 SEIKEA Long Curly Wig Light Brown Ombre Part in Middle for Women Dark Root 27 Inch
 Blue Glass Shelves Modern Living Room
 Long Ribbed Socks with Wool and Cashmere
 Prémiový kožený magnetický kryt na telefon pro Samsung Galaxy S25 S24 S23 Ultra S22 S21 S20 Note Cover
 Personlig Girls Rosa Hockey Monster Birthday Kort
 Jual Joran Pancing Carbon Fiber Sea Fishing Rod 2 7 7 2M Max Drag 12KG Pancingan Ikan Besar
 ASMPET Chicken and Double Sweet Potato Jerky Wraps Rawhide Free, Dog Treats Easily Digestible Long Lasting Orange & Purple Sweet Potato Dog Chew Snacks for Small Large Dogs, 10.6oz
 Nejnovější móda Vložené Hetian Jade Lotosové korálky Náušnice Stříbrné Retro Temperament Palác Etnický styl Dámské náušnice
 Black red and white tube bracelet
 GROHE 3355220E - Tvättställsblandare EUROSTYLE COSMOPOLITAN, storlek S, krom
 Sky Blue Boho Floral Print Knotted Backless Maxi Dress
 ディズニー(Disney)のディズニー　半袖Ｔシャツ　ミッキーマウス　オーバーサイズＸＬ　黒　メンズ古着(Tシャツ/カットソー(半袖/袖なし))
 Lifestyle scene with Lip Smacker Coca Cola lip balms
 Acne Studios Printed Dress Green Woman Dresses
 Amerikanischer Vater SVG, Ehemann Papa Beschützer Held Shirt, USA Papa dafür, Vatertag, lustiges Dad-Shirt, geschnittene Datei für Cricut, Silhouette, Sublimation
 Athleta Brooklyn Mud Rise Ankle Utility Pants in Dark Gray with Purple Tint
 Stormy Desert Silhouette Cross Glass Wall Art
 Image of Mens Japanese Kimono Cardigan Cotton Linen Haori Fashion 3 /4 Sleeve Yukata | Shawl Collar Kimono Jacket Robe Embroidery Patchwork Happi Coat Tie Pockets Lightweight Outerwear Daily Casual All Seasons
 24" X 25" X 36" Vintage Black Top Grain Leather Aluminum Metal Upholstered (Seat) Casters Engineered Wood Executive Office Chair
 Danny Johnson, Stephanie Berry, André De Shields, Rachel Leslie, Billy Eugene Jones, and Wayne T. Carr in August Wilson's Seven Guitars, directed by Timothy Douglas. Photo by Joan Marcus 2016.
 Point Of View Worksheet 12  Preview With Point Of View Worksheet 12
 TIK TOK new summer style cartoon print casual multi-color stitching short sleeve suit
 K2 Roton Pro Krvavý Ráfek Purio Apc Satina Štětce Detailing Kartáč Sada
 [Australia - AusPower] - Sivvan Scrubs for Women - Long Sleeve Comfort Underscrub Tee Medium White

********

→ **Task requirements**: Your response must consist of every line above, reproduced exactly.

→ **Answer section**:
 SEIKEA Long Curly Wig Light Brown Ombre Part in Middle for Women Dark Root 27 Inch
 Blue Glass Shelves Modern Living Room
 Long Ribbed Socks with Wool and Cashmere
 Prémiový kožený magnetický kryt na telefon pro Samsung Galaxy S25 S24 S23 Ultra S22 S21 S20 Note Cover
 Personlig Girls Rosa Hockey Monster Birthday Kort
 Jual Joran Pancing Carbon Fiber Sea Fishing Rod 2 7 7 2M Max Drag 12KG Pancingan Ikan Besar
 ASMPET Chicken and Double Sweet Potato Jerky Wraps Rawhide Free, Dog Treats Easily Digestible Long Lasting Orange & Purple Sweet Potato Dog Chew Snacks for Small Large Dogs, 10.6oz
 Nejnovější móda Vložené Hetian Jade Lotosové korálky Náušnice Stříbrné Retro Temperament Palác Etnický styl Dámské náušnice
 Black red and white tube bracelet
 GROHE 3355220E - Tvättställsblandare EUROSTYLE COSMOPOLITAN, storlek S, krom
 Sky Blue Boho Floral Print Knotted Backless Maxi Dress
 ディズニー(Disney)のディズニー　半袖Ｔシャツ　ミッキーマウス　オーバーサイズＸＬ　黒　メンズ古着(Tシャツ/カットソー(半袖/袖なし))
 Lifestyle scene with Lip Smacker Coca Cola lip balms
 Acne Studios Printed Dress Green Woman Dresses
 Amerikanischer Vater SVG, Ehemann Papa Beschützer Held Shirt, USA Papa dafür, Vatertag, lustiges Dad-Shirt, geschnittene Datei für Cricut, Silhouette, Sublimation
 Athleta Brooklyn Mud Rise Ankle Utility Pants in Dark Gray with Purple Tint
 Stormy Desert Silhouette Cross Glass Wall Art
 Image of Mens Japanese Kimono Cardigan Cotton Linen Haori Fashion 3 /4 Sleeve Yukata | Shawl Collar Kimono Jacket Robe Embroidery Patchwork Happi Coat Tie Pockets Lightweight Outerwear Daily Casual All Seasons
 24" X 25" X 36" Vintage Black Top Grain Leather Aluminum Metal Upholstered (Seat) Casters Engineered Wood Executive Office Chair
 Danny Johnson, Stephanie Berry, André De Shields, Rachel Leslie, Billy Eugene Jones, and Wayne T. Carr in August Wilson's Seven Guitars, directed by Timothy Douglas. Photo by Joan Marcus 2016.
 Point Of View Worksheet 12  Preview With Point Of View Worksheet 12
 TIK TOK new summer style cartoon print casual multi-color stitching short sleeve suit
 K2 Roton Pro Krvavý Ráfek Purio Apc Satina Štětce Detailing Kartáč Sada
 [Australia - AusPower] - Sivvan Scrubs for Women - Long Sleeve Comfort Underscrub Tee Medium White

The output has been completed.